La Gaskell non ha certo la potenza espressiva degli autori che ho appena citato, ma è comunque una scrittrice interessante, meno nota in Italia, ma meritevole di una migliore conoscenza. Anche la sua vita, ricca di avvenimenti, viaggi e incontri ri- chiede più di un cenno di spiegazione.
Nata a Londra nel 1810, figlia di un pastore del culto unitario, perse la madre quando era molto piccola e fu allevata dagli zii. I numerosi precoci lutti familiari, d’altronde purtroppo molto comuni all’epoca, furono però compensati da un matrimonio felice, con uomo anche lui appartenente al clero ma aperto e tollerante, che la rispettò e stimò per tutta la vita incoraggiandola nella sua attività di scrittrice, cosa questa assai rara ai tempi.
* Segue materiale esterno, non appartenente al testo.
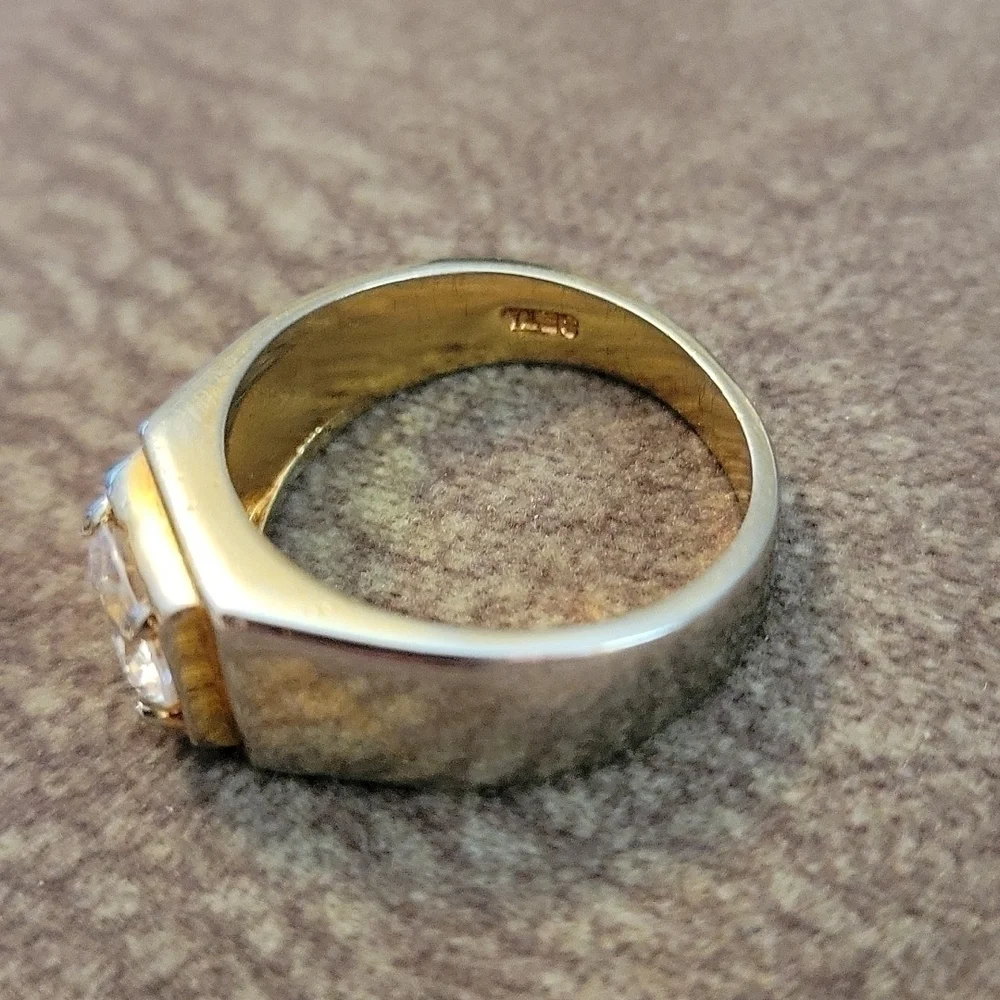 Vtg SETA Contemporary Goldtone Crystal Unisex Wedding Solitaire Band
Il suo primo romanzo Mary Burton apparve nel 1848 e ne decretò subito il successo, attirando anche l’attenzione di Dickens e di Charlotte Brontë, con cui Elizabeth iniziò una affettuosa amicizia, culminata con la stesura di una bellissima biografia alla morte dell’amica.
Il successo e le discrete disponibilità economiche le permisero insieme al marito di mantenere contatti con le personalità culturali più in vista, dandole anche la possibilità di affrontare numerosi viaggi in Europa che allargarono ulteriormente i suoi orizzonti.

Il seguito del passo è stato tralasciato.